[Work instruction]:
Working from the records below, return word for word the line that contains "家の周りの草花 四季の色々 家の垣根に黄色の美しく清楚なモッコウバラの花が咲きました 家の周りの草花" and each line after it, ending with the last. Skip all pictures.

Web page caption snippets

■ ■ ■ ■ ■

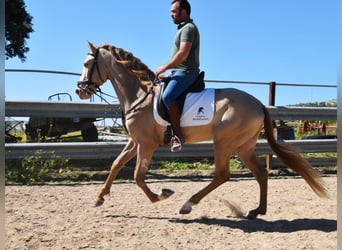 PRE, Stallone, 4 Anni, 163 cm, Pearl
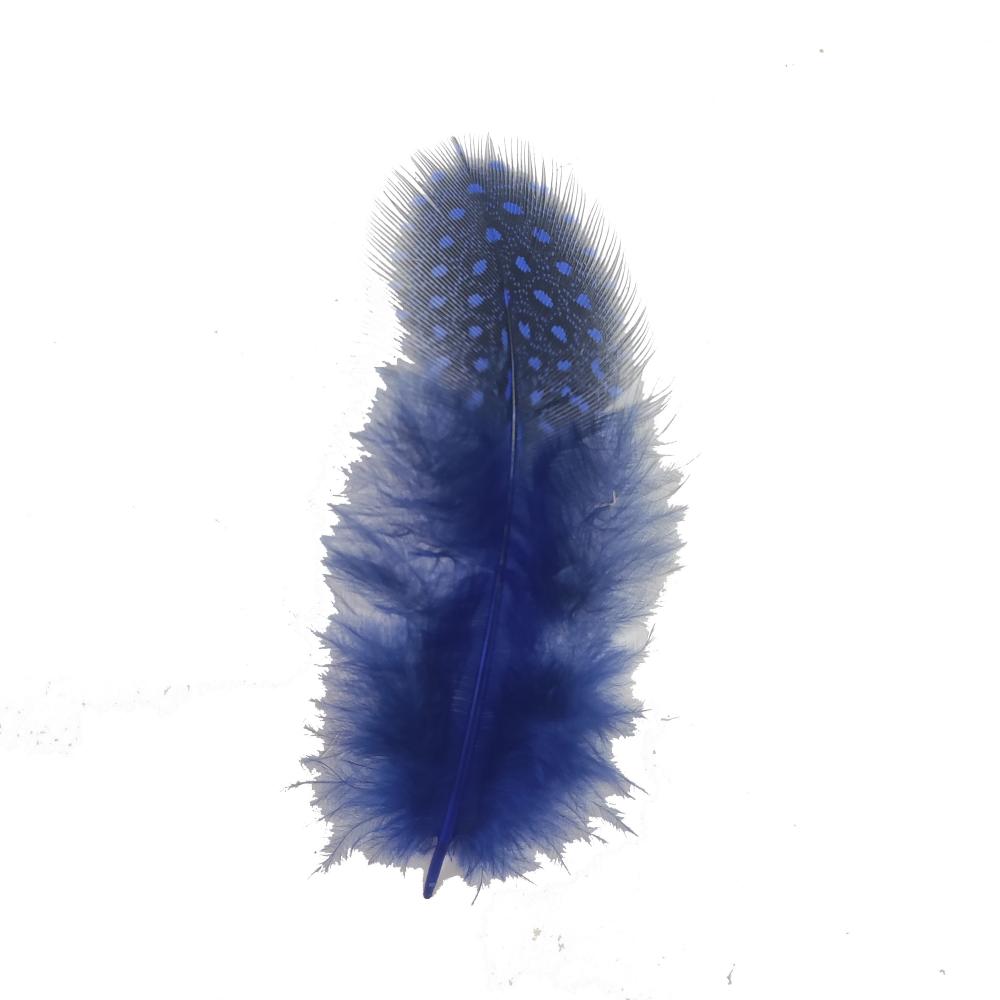 Bule Feather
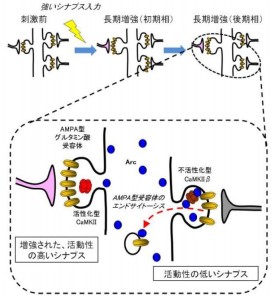 Arcのシナプス集積とグルタミン酸受容体除去 © Haruhiko Bito Arcのシナプス集積とグルタミン酸受容体除去。長期増強を引き起こすような強いシナプス刺激をうけると、細胞体ではArcの発現誘導が起こります。Arcは不活性化型のCaMKIIβサブユニットに結合することにより、活動性の低いシナプスに選択的に集積します。この集積したArcはシナプス膜表面にあるAMPA型グルタミン酸受容体をエンドサイトーシスにより細胞内に取り込みます。このようなメカニズムがあれば、増強されたシナプスはArcの影響をうけずに強化されたままで残り、一方、活動性の低いシナプスは意図しないシナプス増強などを防ぐことができます。脳ではこのような巧妙な分子メカニズムによって長期記憶の形成が調節されていると考えられます。© Haruhiko Bito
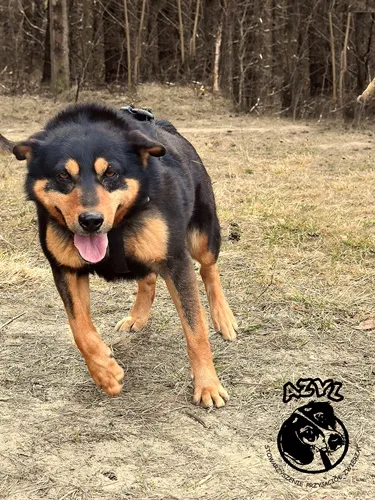 Pies do adopcji, Biała Podlaska, 11 maja 2016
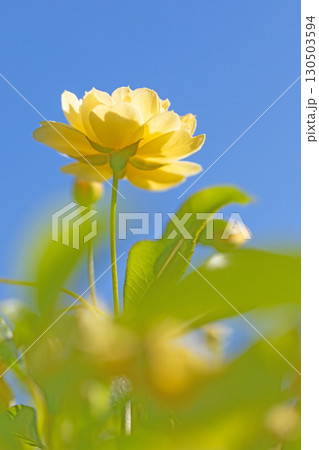 家の周りの草花 四季の色々 家の垣根に黄色の美しく清楚なモッコウバラの花が咲きました 家の周りの草花 四季の色々 家の垣根に黄色の美しく清楚なモッコウバラの花が咲きました 130503594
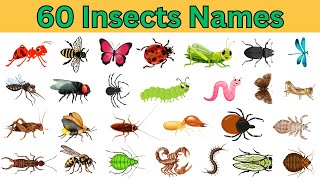 Explore 60 Bug and Insect Names in English | Insects names with pictures| English sentences #insects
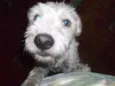 Margarida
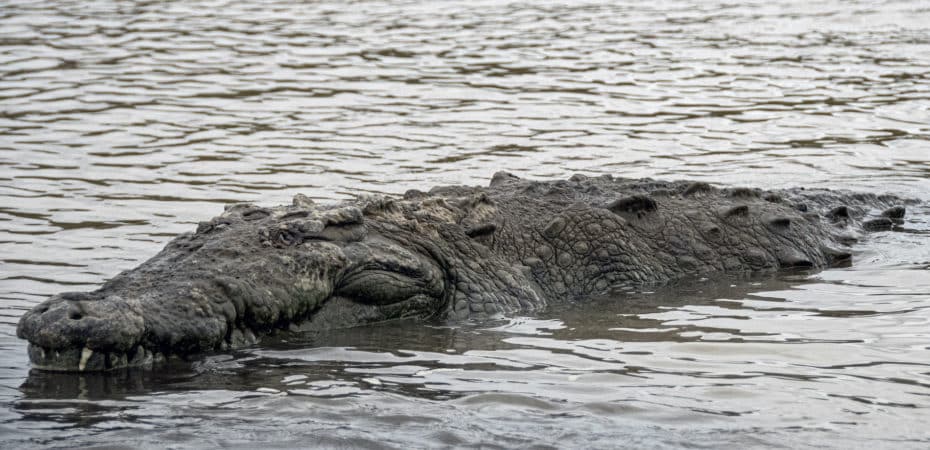 Ataque de cocodrilo: reptiles están en época de anidación y visitantes deben elevar cuidados en ríos y playas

■ ■ ■ ■ ■

[Answer to this task]:
 家の周りの草花 四季の色々 家の垣根に黄色の美しく清楚なモッコウバラの花が咲きました 家の周りの草花 四季の色々 家の垣根に黄色の美しく清楚なモッコウバラの花が咲きました 130503594
 Explore 60 Bug and Insect Names in English | Insects names with pictures| English sentences #insects
 Margarida
 Ataque de cocodrilo: reptiles están en época de anidación y visitantes deben elevar cuidados en ríos y playas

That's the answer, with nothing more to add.